Lei ha detto che la vicinanza con Roma si è rivelata una opportunità più che un fattore critico. E Viterbo?
Viterbo, lo sappiamo tutti, è una delle città più interessanti. Già il quartiere di San Pellegrino e le Terme potrebbero avere un appeal importantissimo, peccato che sia stato fatto poco o nulla. Ho fiducia che la situazione possa cambiare.
Torniamo a Civita. Pensa a un numero chiuso per gli ingressi?
Dobbiamo provare, come ho detto prima, a distribuire al meglio il flusso turistico indirizzandolo verso altre località di indubbio interesse. Prima abbiamo puntato su Roma, da oggi dovremo fare opera di attrazione sul versante orientale del mondo. Una delegazione cinese è venuta a chiedermi di predisporre un’offerta di uno o due giorni sul nostro territorio. E’ un segnale importante. Faremo conoscere la Tuscia in Cina, in Giappone, ma anche in America.
Il rammarico, se c’è, del city manager Francesco Bigiotti?
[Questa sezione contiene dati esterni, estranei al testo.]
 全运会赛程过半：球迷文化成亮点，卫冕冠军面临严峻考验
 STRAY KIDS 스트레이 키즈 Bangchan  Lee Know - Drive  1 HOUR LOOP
Forse aver capito e fatto capire con ritardo le potenzialità di Bagnoregio. Ma è un peccato veniale. Il gesto più coraggioso è stato quello di stabilire un biglietto di ingresso per Civita. Lo confesso, avevo un comprensibile timore e avrei ritirato la proposta se non fosse stata approvata in Consiglio. Invece si è rivelata una mossa vincente.
E il sogno?
Esportare il modello Bagnoregio a tutta la Tuscia.